Take 7: You should talk about “the human’s utility function” less.

As a writing exercise, I’m writing an AI Alignment Hot Take Advent Calendar—one new hot take, written every day (more or less—I’m getting back on track!) for 25 days. Or until I run out of hot takes.

When considering AI alignment, you might be tempted to talk about “the human’s utility function,” or “the correct utility function.” Resist the temptation when at all practical. That abstraction is junk food for alignment research.

As you may already know, humans are made of atoms. Collections of atoms don’t have utility functions glued to them a priori—instead, we assign preferences to humans (including ourselves!) when we model the world, because it’s a convenient abstraction. But because there are multiple ways to model the world, there are multiple ways to assign these preferences; there’s no “the correct utility function.”

Maybe you understand all that, and still talk about an AI “learning the human’s utility function” sometimes. I get it. It makes things way easier to assume there’s some correct utility function when analyzing the human-AI system. Maybe you’re writing about inner alignment and want to show that some learning procedure is flawed because it wouldn’t learn the correct utility function even if humans had one. Or that some learning procedure would learn that correct utility function.
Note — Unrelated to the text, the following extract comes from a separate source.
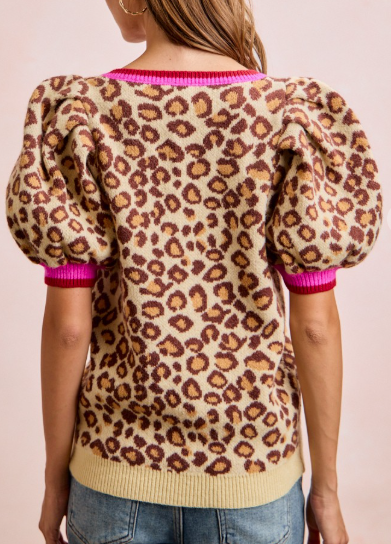 Leopard print sweater with pink trim worn by a person on a plain background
It might seem like this utility function thing is a handy simplifying assumption, and once you have the core argument you can generalize it to the real world with a little more work.

That seeming is false. You have likely just shot yourself in the foot.

Because the human-atoms don’t have a utility function glued to them, building aligned AI has to do something that’s actually materially different than learning “the human’s utility function.” Something that’s more like learning a trustworthy process. If you’re not tracking the difference and you’re using “the human’s utility function” as a target of convenience, you can all too easily end up with AI designs that aren’t trying to solve the problems we’re actually faced with in reality—instead they’re navigating their own strange, quasi-moral-realist problems.

Another way of framing that last thought might be that wrapper-minds are atypical. They’re not something that you actually get in reality when trying to learn human values from observations in a sensible way, and they have alignment difficulties that are idiosyncratic to them (though I don’t endorse the extent to which nostalgebraist takes this).

What to do instead? When you want to talk about getting human values into an AI, try to contextualize discussion of the human values with the process the AI is using to infer them. Take the AI’s perspective, maybe—it has a hard and interesting job trying to model the world in all its complexity, if you don’t short-circuit that job by insisting that actually it should just be trying to learn one thing (that doesn’t exist). Take the humans’ perspective, maybe—what options do they have to communicate what they want to the AI, and how can they gain trust in the AI’s process?

Of course, maybe you’ll try to consider the AI’s value-inference process, and find that its details make no difference whatsoever to the point you were trying to make. But in that case, the abstraction of “the human’s utility function” probably wasn’t doing any work anyhow. Either way.